- [The input]
□ □ □ □ □
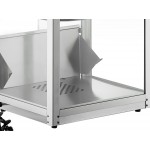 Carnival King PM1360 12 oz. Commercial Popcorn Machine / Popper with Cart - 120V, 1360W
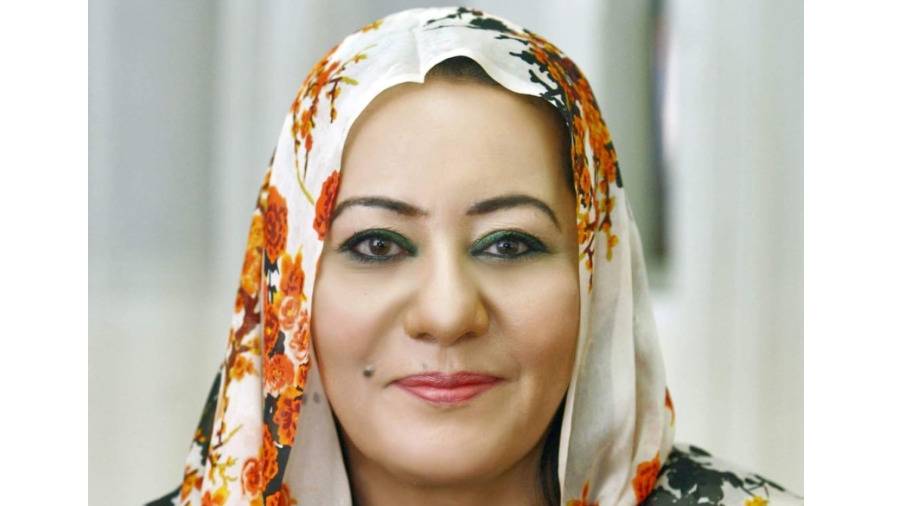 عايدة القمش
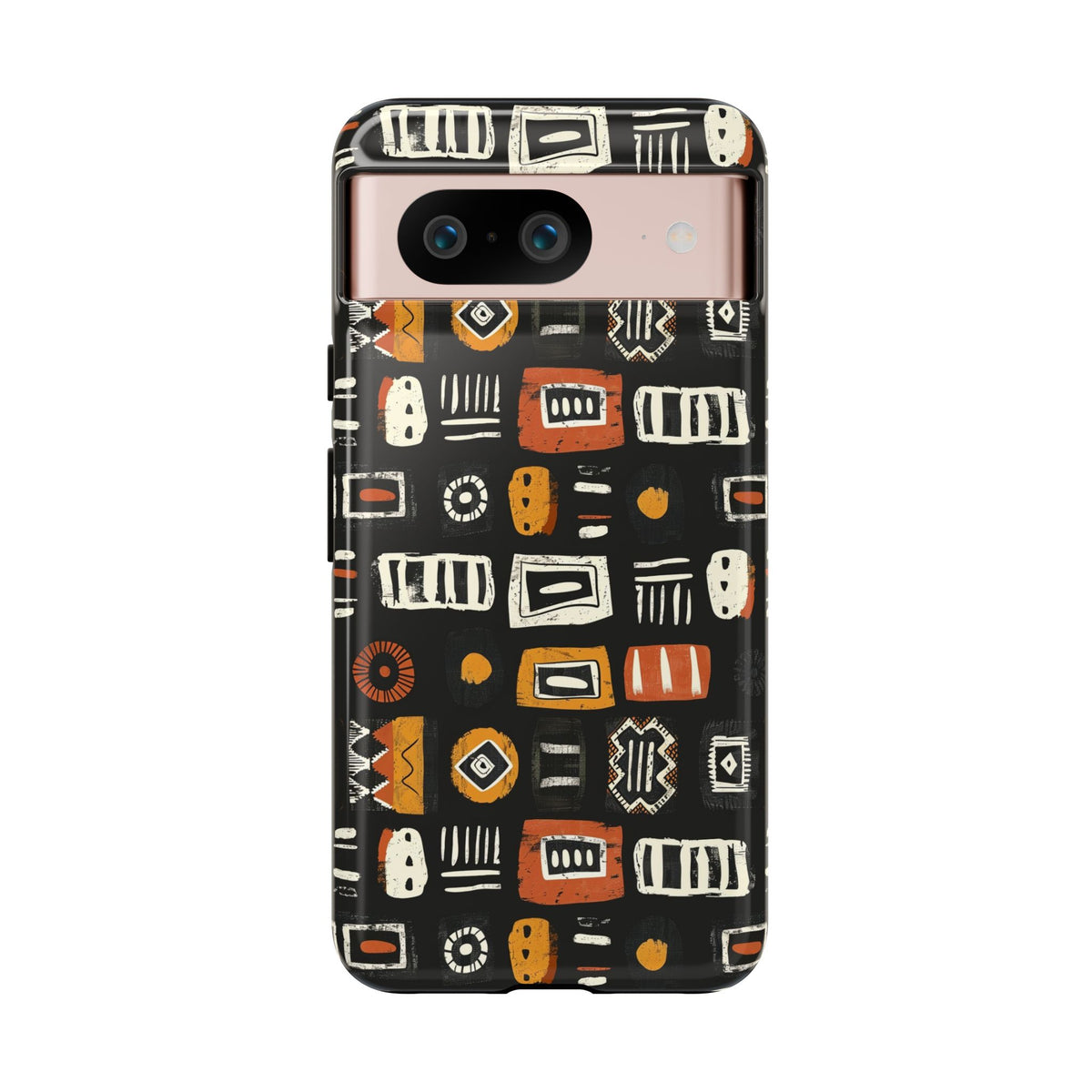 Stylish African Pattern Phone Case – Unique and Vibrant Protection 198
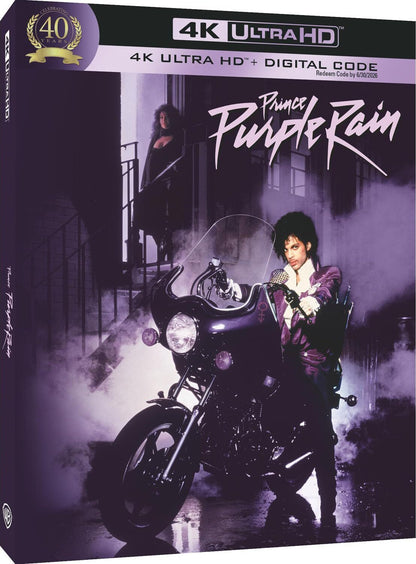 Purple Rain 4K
□ □ □ □ □
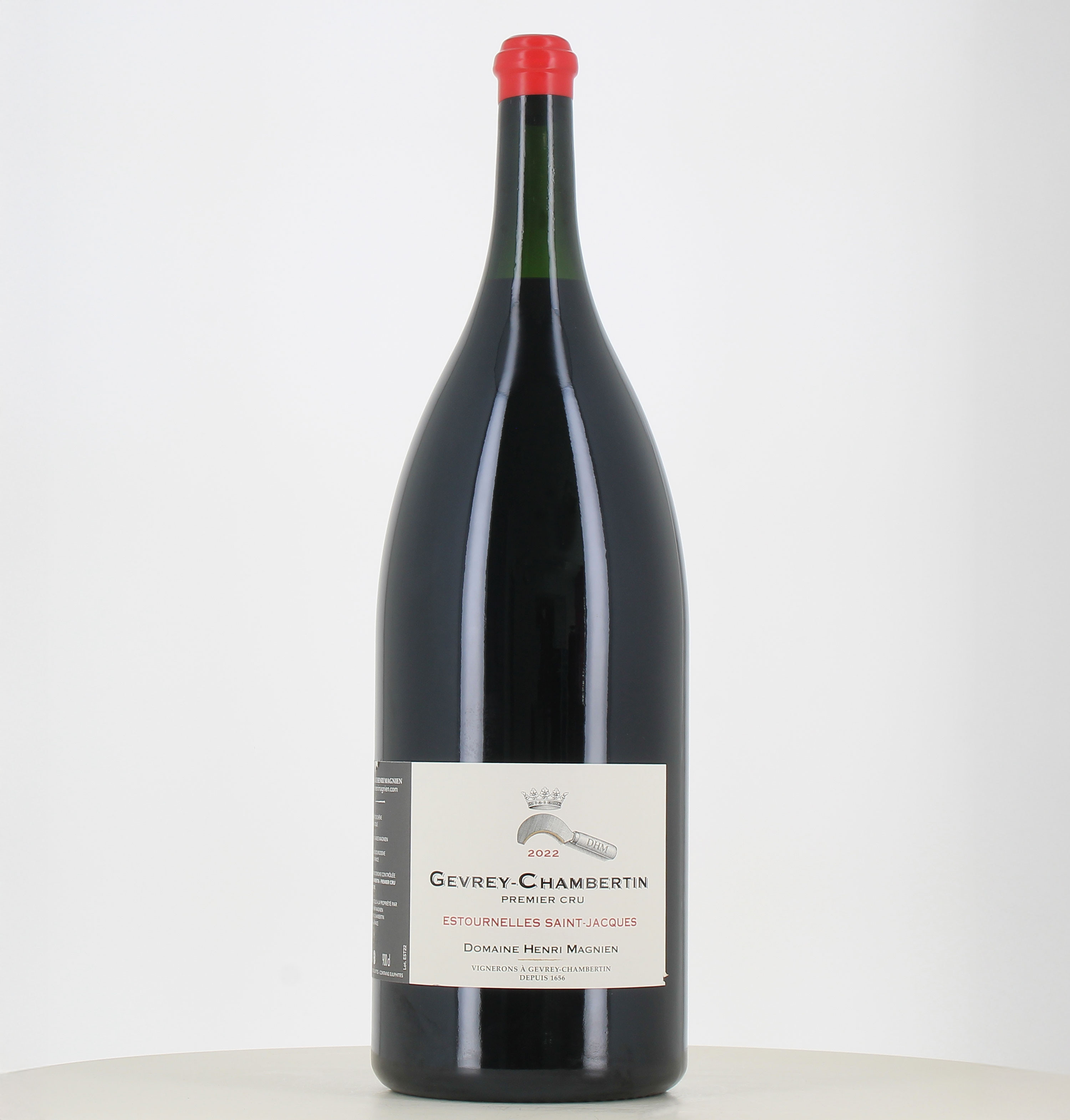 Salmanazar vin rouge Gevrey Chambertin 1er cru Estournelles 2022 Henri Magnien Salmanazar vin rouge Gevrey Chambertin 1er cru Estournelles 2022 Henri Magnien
□ □ □ □ □
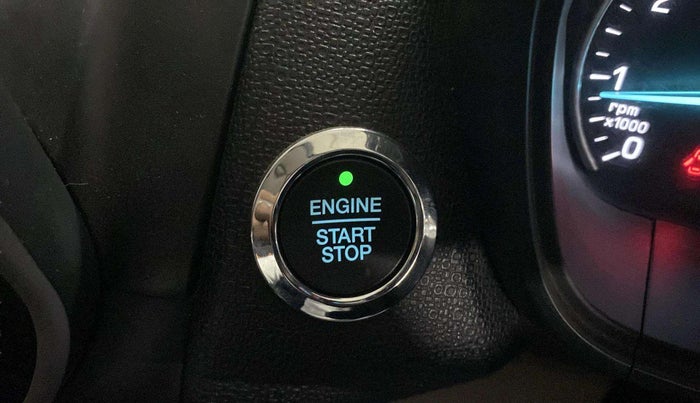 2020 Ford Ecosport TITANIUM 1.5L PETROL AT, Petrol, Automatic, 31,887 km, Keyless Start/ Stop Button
□ □ □ □ □
- [The problem] Repeat, without pictures, exactly the lines of the data above from the one containing "Carnival King PM1360" through the one containing "Purple Rain 4K", including both and adding nothing.

- [Problem solution]
 Carnival King PM1360 12 oz. Commercial Popcorn Machine / Popper with Cart - 120V, 1360W
 عايدة القمش
 Stylish African Pattern Phone Case – Unique and Vibrant Protection 198
 Purple Rain 4K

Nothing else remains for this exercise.